Brief | Keep the pictures out. Write out every line of the listing exactly.

Records for processing |
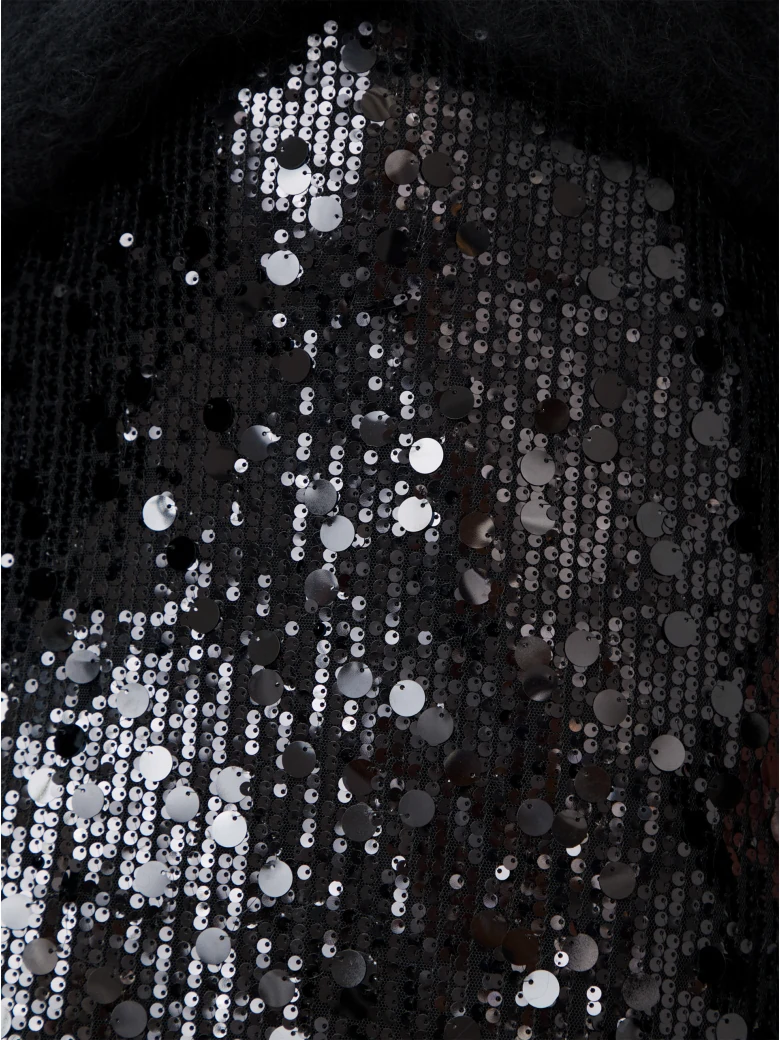 Short black skirt with sequins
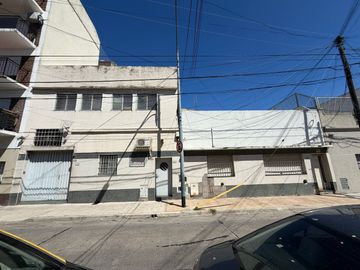 Deposito doble lote Venta Parque avellaneda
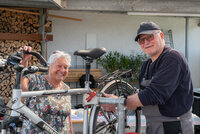 Bei der letzten Fahrrad-Werkstatt des Reparaturcafés half Hans-Rudi Müller Helga Ziegler mit ihrem Rad.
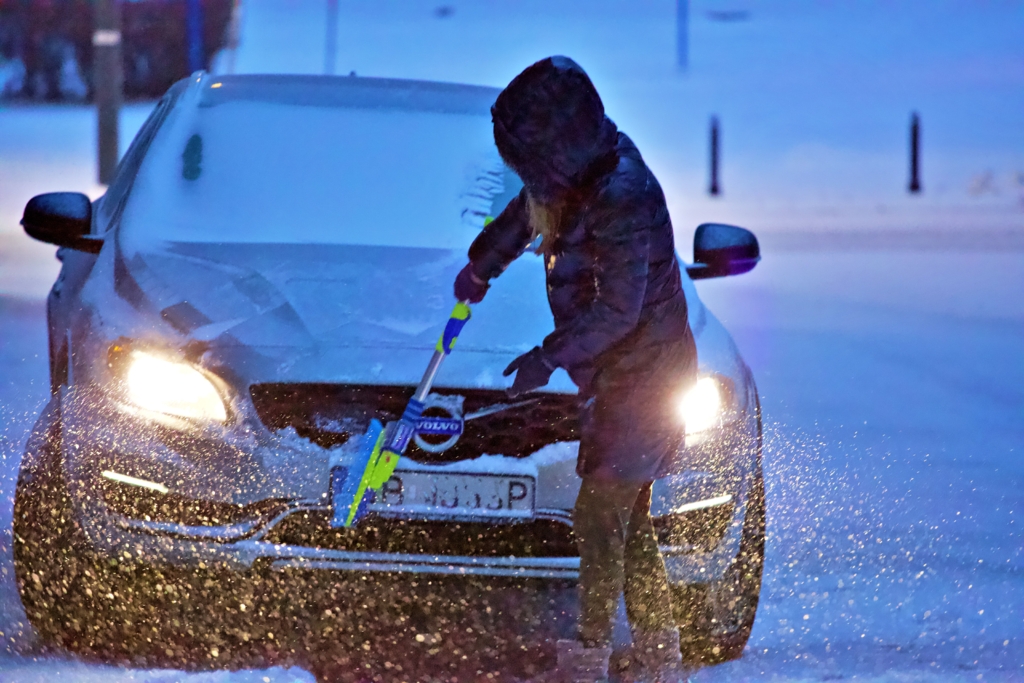 De unde vine obiceiul de a încălzi mașina iarna, înainte de plecare. Detaliile care ne arată cât de corect este cu adevărat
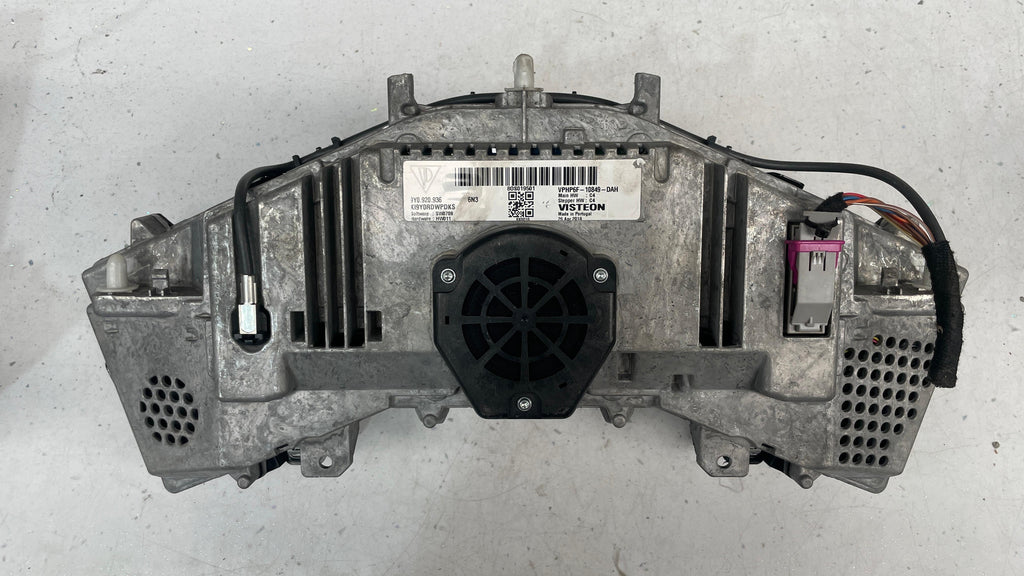 9Y0920936 PORSCHE CAYENNE SPEEDOMETER INSTRUMENT CLUSTER PANEL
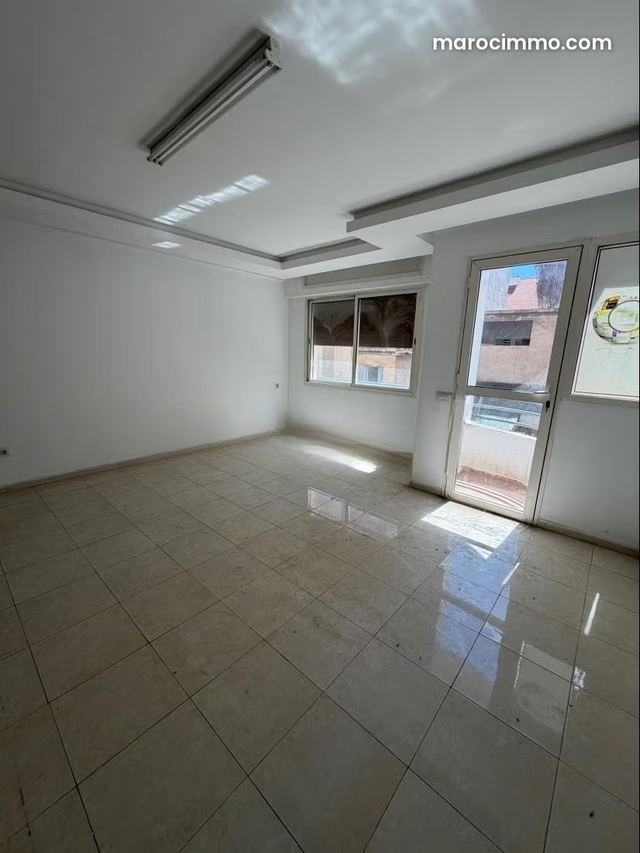 Office for Rent in a Nice Location with Terrace — Casablanca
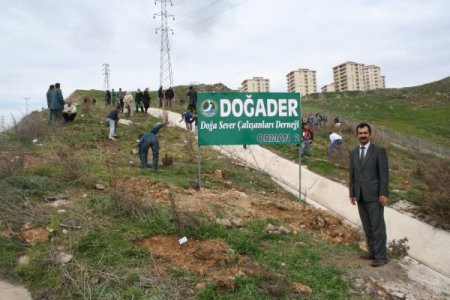 Doğader Karşıyaka'da Yüzlerce Fidan Dikti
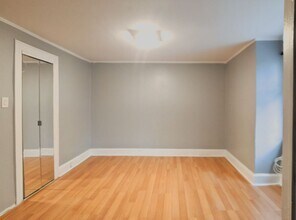21-26 28th St in Queens, NY - Building Photo - Building Photo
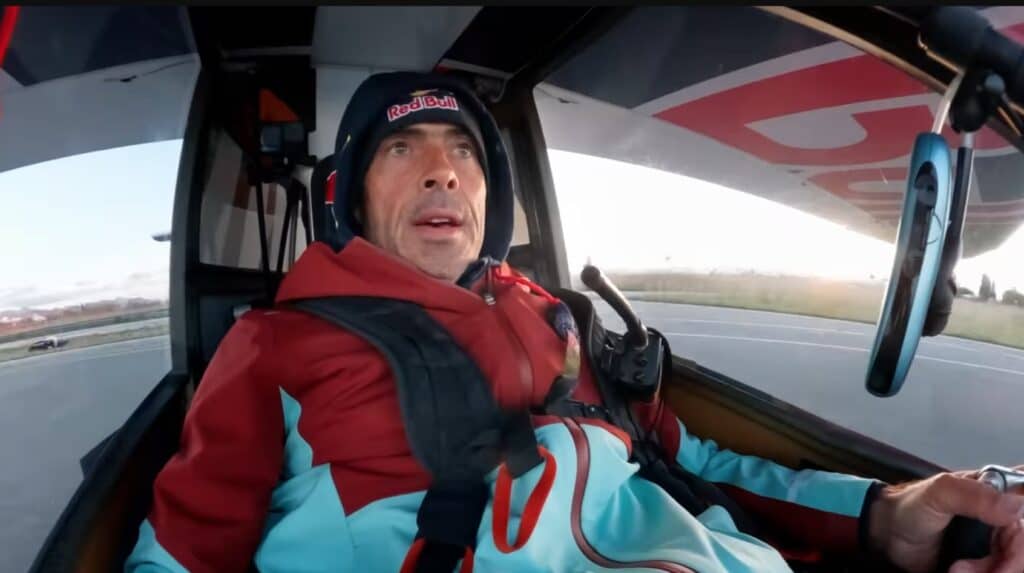 Los Red Bull Bora van como aviones y hacen volar uno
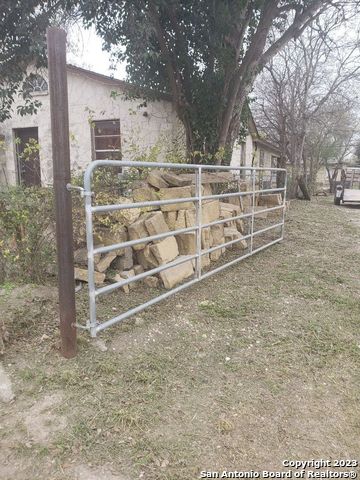 1334 Fenfield Avenue San Antonio TX 78211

Solution for this exercise |
 Short black skirt with sequins
 Deposito doble lote Venta Parque avellaneda
 Bei der letzten Fahrrad-Werkstatt des Reparaturcafés half Hans-Rudi Müller Helga Ziegler mit ihrem Rad.
 De unde vine obiceiul de a încălzi mașina iarna, înainte de plecare. Detaliile care ne arată cât de corect este cu adevărat
 9Y0920936 PORSCHE CAYENNE SPEEDOMETER INSTRUMENT CLUSTER PANEL
 Office for Rent in a Nice Location with Terrace — Casablanca
 Doğader Karşıyaka'da Yüzlerce Fidan Dikti
21-26 28th St in Queens, NY - Building Photo - Building Photo
 Los Red Bull Bora van como aviones y hacen volar uno
 1334 Fenfield Avenue San Antonio TX 78211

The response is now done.